The point of organizing together into a social group is to provide structure that supports the group better than each can do individually. The material infrastructure that supports the society can be summed up as: Well fair to all, Paid fair by all.
Once a society has gained sufficient wealth to be able to keep all of its citizens from hunger and exposure, let alone enough to provide adequate preventative healthcare and some education, it needs to incorporate this formally into its social contract.
Failure to do this impoverishes the whole population, because the society’s human capital is under utilized and the broad participation in democracy, that is the bastion against corruption and poor decision making, is thwarted.
The reason to have a material infrastructure is for the benefit of all citizens. It is not a charity program for the ne’er-do-well. It is vital to maintaining the peace and prosperity of the society as a whole because it supports a functioning political process and it enables the maximum wealth generation from the population.
Without a sound material infrastructure the society will cease to function politically or economically, and it will become increasingly inefficient as inflexible decision making and resource drain eat away at the wealth of all.
There are three fundamental parts to the new material infrastructure:
- human security infrastructure (universal basic services)
- economic enablement infrastructure (universal employment)
- structured tax system that links the first two elements (universal taxes)
Universal Basic Services
To the extent it can be afforded (see Taxes below), the human security of all citizens must be assured through a mutual promise that goes something like this:
“No matter what fortune befalls you,
I will make sure that you do not die prematurely for lack of sustenance or shelter
and I will do whatever I can to provide you with the opportunity to make the most of your life”.
The security of a society is attained through the security of its individual citizens. To reach this goal it is necessary to provide services that provide for the human needs of citizens, such as food and shelter. In order to deliver these services effectively it is also necessary to provide healthcare and transport.
To enable the maximum economic production per unit of human capital it is necessary to supplement the life sustaining human security services with education and information.
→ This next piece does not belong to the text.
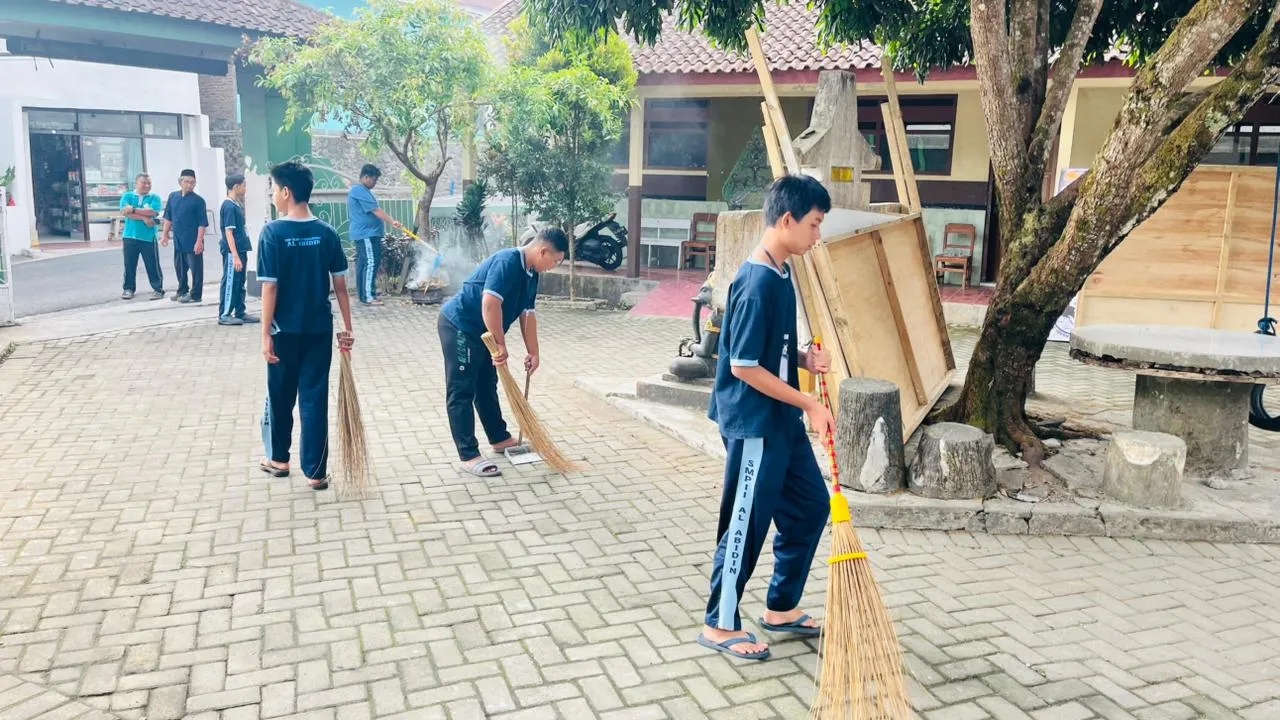 SMPII Al Abidin Klaten mengikut kegiatan Social Philanthropy siswa level 8 yang digelar di Kalisoro, Tawangmangu, Karanganyar, pada Selasa-Kamis (1–3/9/2026). (Istimewa)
Effective participation as a citizen in a society requires legal services to be provided.
These, and all that is necessary to deliver them efficiently, make up the material infrastructure for human security. Together we refer to them as the Basic Assured Standard Environment, or BASE for short – aka Universal Basic Services.
Note that these are all services, they are not benefits or entitlements in the traditional sense implied in the ‘social security’ systems prevalent in today’s industrialized societies.
These services are delivered free at the point of need, in the most efficient and effective way available to the society at the time.
There is no monetary component to these services nor is there any implied choice on behalf of the recipient as to the location or nature of the services provided.
Universal Employment
The enablement of maximum output from each member of society is necessary to provide the prosperity that supports the peace.
This is achieved by supplementing the human security services with economic tools that enable each citizen to contribute their skills and capabilities in the best way they can.
There is huge, latent, untapped productivity trapped inside the populations of most industrialized societies because they lack the mechanisms, or have degraded those mechanisms, such that many of their micro needs go unmet for lack of a marketplace within which to exchange micro services.
The primary enablement tool is the provision of an information infrastructure that allows the individual providers of micro services to find and connect with individual customers. In addition to the communications network, it facilitates an online marketplace that allows anyone to find someone who can provide exactly what they need, from home help to bicycle repair to custom design.
Modern information technology has enormous potential to contribute to the fabric and well-being of our societies. In this day and age information is as vital a resource as water, and we must leverage it to support the functioning of our society, our political system and the economic fabric that underpins our prosperity.
Universal Taxes
Taxes can be structured so that they provide the invisible helping hand to complement the market and support the material infrastructures that the society needs.
The mechanisms that create the invisible helping hand of such a tax structure include:
- a reasonable maximum tax burden on any unit of income
- a simple, understandable tax rate structure linked to the cost of the services they fund
- the use of compulsory, universal taxes only for the most universally accepted expenditures
taxes that match expenditures (a balanced budget) over the long run
Taken together these factors result in the following rules for the structure of taxes:
income taxes revenues are only used to fund the human security services outlined above
any citizen receiving support services and earning the average income should be paying sufficient taxes to cover the cost of the services they are receiving
the maximum rate of tax on any unit of income should never exceed 50%
all income shall be counted as income, irrespective of its source
the corporation tax rate is set at the same rate as the basic rate of income tax
What follows from these rules is a structured tax system that elegantly links the needs of society with its ability to pay for them.
Increases in either the average earnings or the efficiency of service delivery can lower income taxes for everyone, or allow a larger budget for the delivery of services.
The reality in today’s Western industrialized societies is that the cost of providing comprehensive human security support services would yield a basic income tax rate of one third. This allows for a progressive tax system while maintaining adherence to the structure and standards above.
These standards for a material infrastructure are complemented and supported by the standards for a new democracy and a new foundation for freedom.